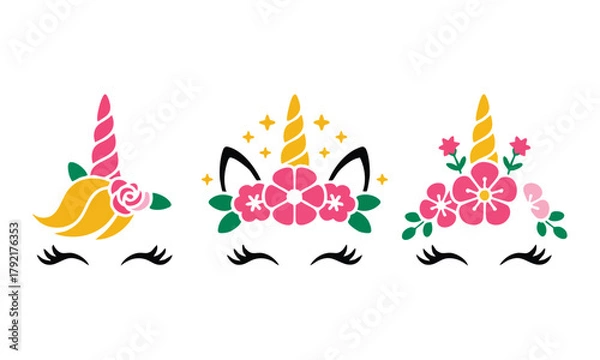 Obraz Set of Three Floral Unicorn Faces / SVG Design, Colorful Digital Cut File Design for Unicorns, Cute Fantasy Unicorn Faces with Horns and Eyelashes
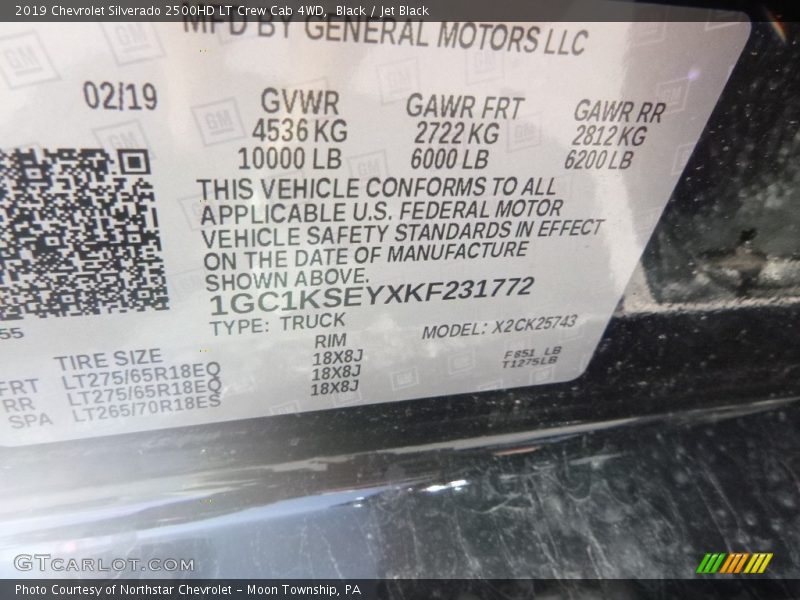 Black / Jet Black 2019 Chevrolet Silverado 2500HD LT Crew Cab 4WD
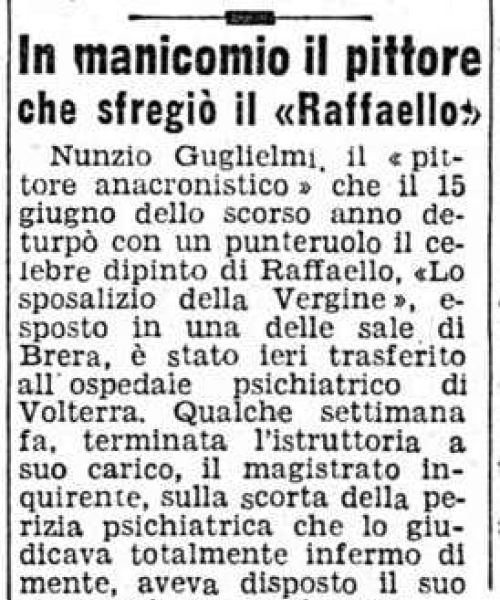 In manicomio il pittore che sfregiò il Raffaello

+===+

> **ABOUT THIS TASK**
Leaving out only the pictures, reproduce the listing exactly.

> **OUTPUT FOR THIS TASK**
 Obraz Set of Three Floral Unicorn Faces / SVG Design, Colorful Digital Cut File Design for Unicorns, Cute Fantasy Unicorn Faces with Horns and Eyelashes
 Black / Jet Black 2019 Chevrolet Silverado 2500HD LT Crew Cab 4WD
 In manicomio il pittore che sfregiò il Raffaello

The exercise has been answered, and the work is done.